El ventilete parece estar tan cerrado y firme como antes de la primera patada. Andrés está cansado y la adrenalina ya ha sido empleada. Mira las caras de los gatos que están más cerca. Desde el principio está tratando de adivinar si en caso extremo serían capaces de atacarlo. Cuando hostigaba a los gatos de su infancia ocurría que en algún momento perdían la paciencia y pegaban un zarpazo. Algunos hasta mordían. Pero sólo para librarse del agresor. La pregunta es si serían capaces de atacar coordinados, con la intención de dañarlo... porque en algún momento la lucha por el espacio se pondrá difícil. Andrés piensa que eso no es posible. Estos gatos no tienen ningún ordenamiento social. No se conocen y se rechazan tanto entre ellos como lo rechazan a él. Pero la duda es si pudiera darse una histeria colectiva en una situación dada. Si en el intento de no ser aplastado por los gatos él pisara sobre esa masa, tratando de quedarse arriba... si los pisara como pisa sus uvas un viñatero haciendo vino patero... ¿qué harían? Seguramente alguno reaccionaría arañando o mordiendo, pero el riesgo grave sería que hubiese una reacción unánime de ese tipo. Una especie de frenesí. El hecho de que arriba, por selección natural queden los más agresivos, no es muy alentador. Pero la idea de que se corran ante el riesgo de ser pisados y el pie se sumerja en capas más profundas de gatos resignados. Eso le da esperanzas. Pero después se pregunta si en lugar de resignados no estarán hartos y resentidos, listos para morder el tobillo del pie que los pise.

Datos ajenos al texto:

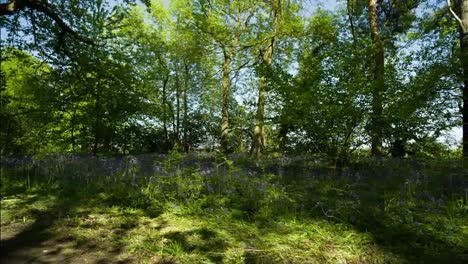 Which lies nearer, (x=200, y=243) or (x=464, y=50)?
(x=200, y=243)

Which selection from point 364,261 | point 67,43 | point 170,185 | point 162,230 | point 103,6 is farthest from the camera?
point 103,6

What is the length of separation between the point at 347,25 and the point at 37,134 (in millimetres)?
14702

Por fin se le ocurre una idea. Juntar los muertos. Apilarlos en el rincón y hacer una zona de muertos sobre la que pueda apoyarse tranquilo. El plan es perfecto. Y hay algo de magnífica sencillez en esto de usar al mismo mar que te va ahogar para salvarte. Se imagina su caso siendo contado en una universidad. “A menudo somos como los peces que no ven el agua en que están inmersos”, se imagina diciendo ante los estudiantes “pero más discurre un hambriento que cien letrados. Para mi era una cuestión de vida o muerte... y si me permiten el humor negro, pisé sobre la muerte para salvar mi vida”

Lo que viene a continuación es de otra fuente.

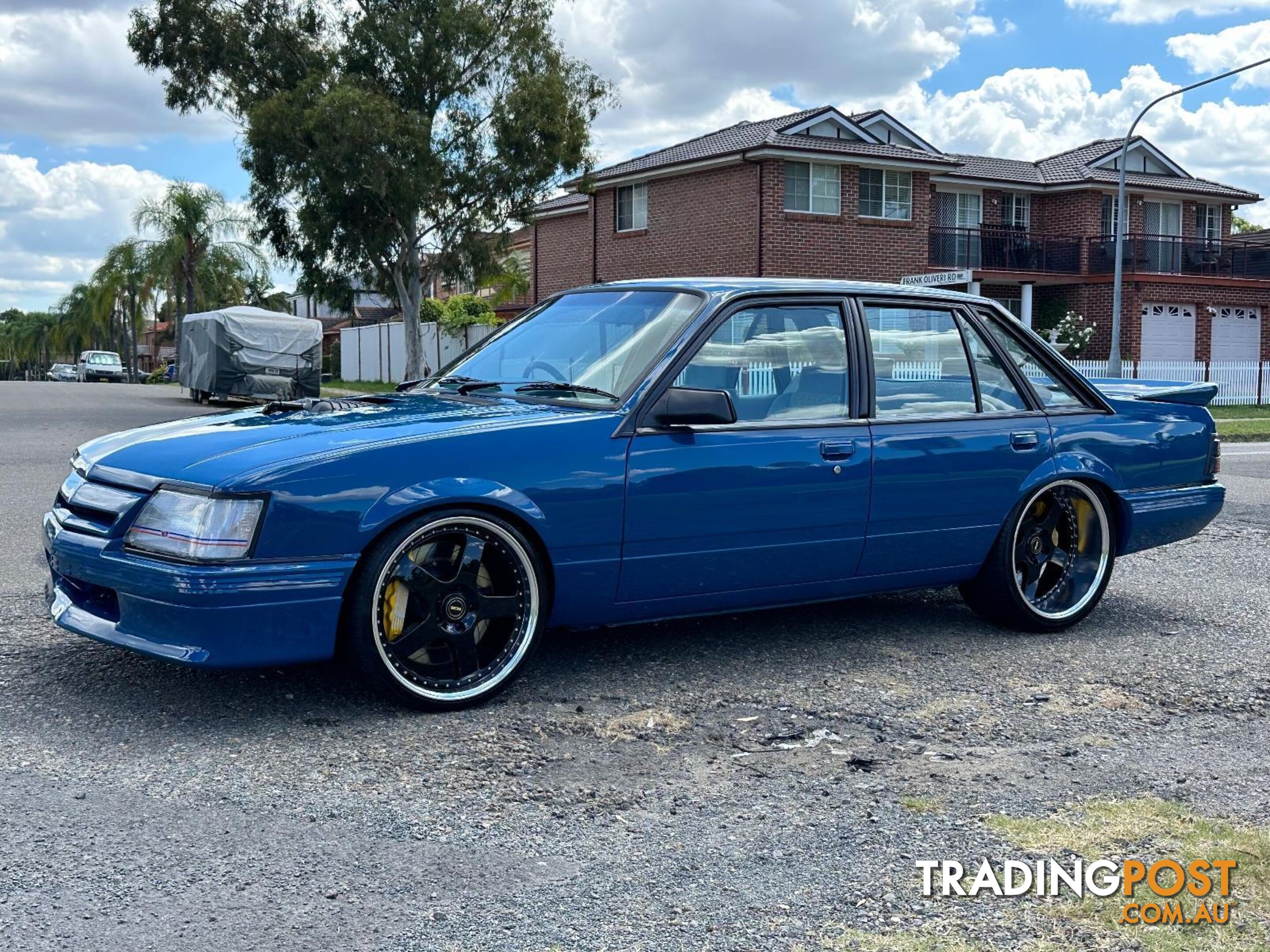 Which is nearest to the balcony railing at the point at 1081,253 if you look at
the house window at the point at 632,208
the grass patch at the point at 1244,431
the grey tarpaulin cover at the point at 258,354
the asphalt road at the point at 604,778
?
the house window at the point at 632,208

Ya fantaseada la gloria, Andrés tiene que ejecutar su plan. Y antes de empezar comienza a intuir que la práctica no es tan fácil como la teoría. ¿Cómo encontrará los muertos? Es de suponer que están allí abajo. Pero ya hay cinco capas de gatos sobre ellos. En algunos puntos seis. Y las capas superiores siguen muy eruptivas. Si caminar hasta el rincón fue difícil, ¿cómo hará para recorrer el vagón juntando los cadáveres? Mientras piensa sus ojos se clavan en el torrente de los que caen desprevenidos, uno tras otro, automáticamente. Vienen de un mundo donde todo sigue su curso normal. Sólo acá la realidad se ha vuelto loca. Solo acá desaparecieron la mayoría de las reglas y quedaron apenas dos o tres absurdas: caen gatos, no se puede salir, no hay ayuda. Parece mentira que en otros lugares haya gente mirando televisión, planificando vacaciones, haciendo el amor, aburriéndose... Aburriéndose sin la menor conciencia de que diez segundos significan dieciséis gatos. Un suspiro son cuatro o cinco. El almuerzo de Mirta Legrand entero, con avisos y todo, puede dar lugar a varios miles. Enfrentado a ese absurdo Andrés cree intuir que una gran verdad lo acecha. Siente que la situación es como una de las frases que usan los budistas para que sus discípulos alcancen la iluminación. Es posible, en realidad, que esto esté preparado. Que sea un experimento o una vulgar broma. Que haya cámaras ocultas. No. Andrés no cree realmente esa posibilidad, pero la idea de que alguien interrumpa todo esto y lo deje ir a casa... que lo dejen ir a dónde se pueda respirar... esa idea es tan, tan maravillosa. Tan maravillosa que se le llenan de lágrimas sus ojos. Muy inesperadamente grandes gotas bajan por sus mejillas. Quisiera poder pedirle perdón a tanta gente.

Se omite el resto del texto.